To the uninitiated, boxing looks easy—just a couple of palookas hitting each other for a paycheck. Hey, most of them can barely speak English, right? Check out the diction and syntax on Larry Holmes or James Toney. It is easy to dismiss what is traditionally known as “the sweet science” as, at best, a barbaric experiment.
That’s what I thought until 2004, when I started taking boxing lessons from a 60-year-old man at a local gym. A couple months in, he suggested that we spar for the first time. Why not? This is the first test of a young fighter’s prowess and, by extension, a young man’s pride. During practice, my combinations were sharp; my defense was quick (“impregnable,” as Mike Tyson would say). More important, I was 19; he was 60 and had an artificial hip. I didn’t think it would be easy, but I thought I could at least walk away with some sense of masculinity left intact.
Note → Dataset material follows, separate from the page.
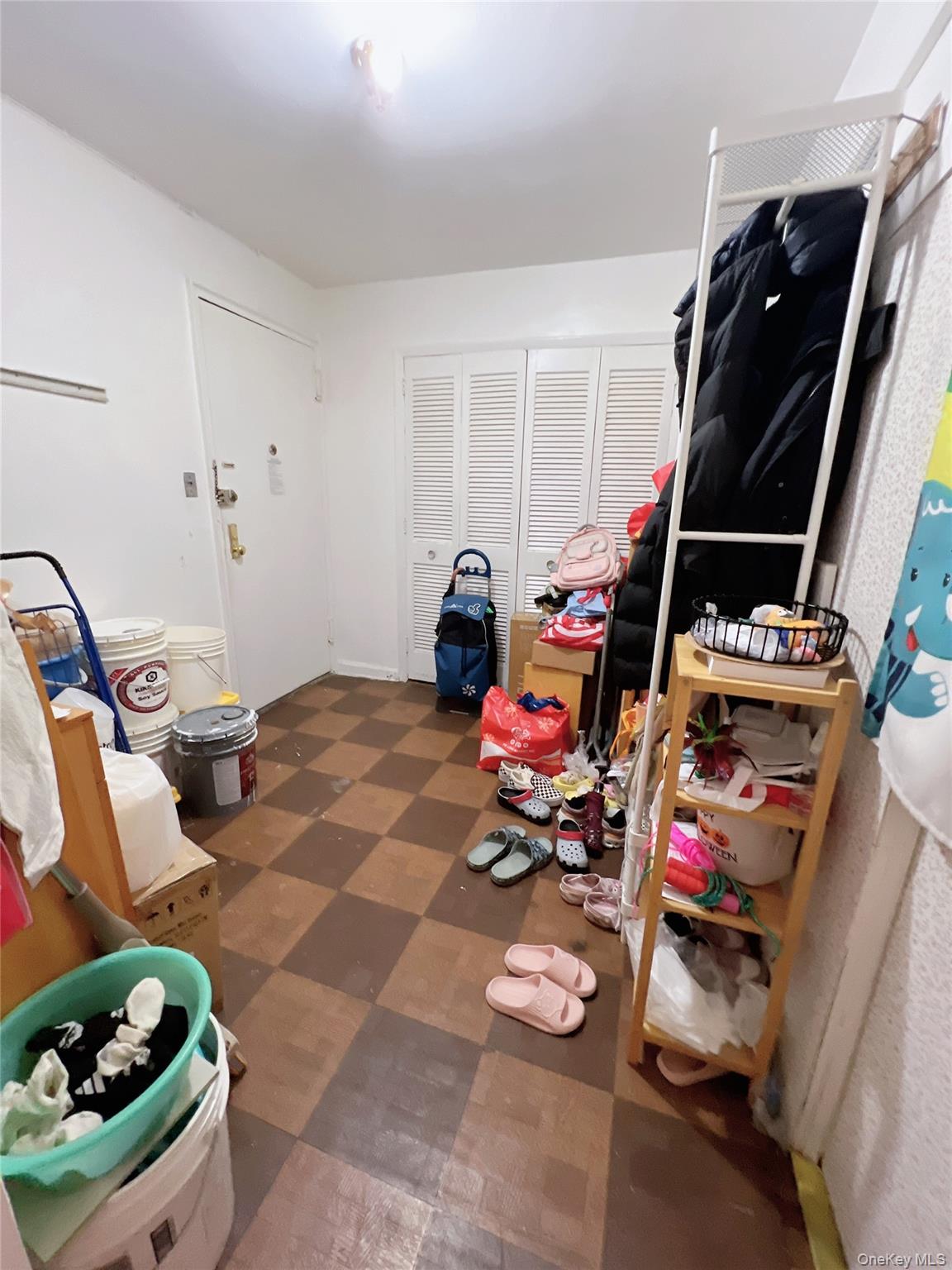 137-10 Franklin Avenue, Unit 415 Queens, NY 11355 - Photo 5 of 9 a bedroom with furniture and a wooden floor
I barely lasted two rounds. I’ll resort to cliche and say it was like fighting a ghost. My punches missed by a foot. I had no timing. I got hit with even the slowest jab. Before I knew it was a jab, I was hit with another one. I moved my head too late. My feet and legs felt heavy, as if wrapped in wet towels. I was out of breath after one minute. I couldn’t land anything. The old man was too quick for a teenager. Eventually, after another year of training, I was able to go eight or nine rounds with a younger sparring partner, but those first few experiences were like nothing I had ever felt before. No workout can compare to boxing—real boxing, not that aerobic postiche that middle-aged women do. You can’t breathe; you can’t see; your shoulders hurt so much you can barely hold your arms up; you’re getting popped in the nose, the solar plexus, the liver; and, worst of all, you have to fight back.
Try doing that for fifteen rounds, which was how long championship bouts used to be (it was changed to twelve during the 1980s). There’s a certain nostalgia among boxing historians for the fifteen-rounder. It is supposed to represent a titanic age, when no fighter lifted weights and when the rings were free of advertisements. Smokin’ Joe Frazier was a member of that generation, and part of the sadness over his death is not only that we lost one of America’s best gentlemen, but that we lost one of the last living symbols of boxing’s glorious past.
I once fought a grandfather and lost. I can only dream, or have nightmares, about what it felt like to fight Joe Frazier in his prime. He could, with his left hook, put most men in either the hospital or the morgue. Again, to the uninitiated, Frazier’s style looks sloppy and reckless: he seems to charge into his opponents with no concern for strategy. When he bobs and weaves, he leans forward a bit too much and looks down at the canvas. That’s what most people see. What they miss are the subtle shifts in weight and the slick and relentless head movements that prevented his opponents from hitting him as he moved inside. Every good infighter, from Tyson to Toney, has learned from watching Joe Frazier close the gap on an opponent.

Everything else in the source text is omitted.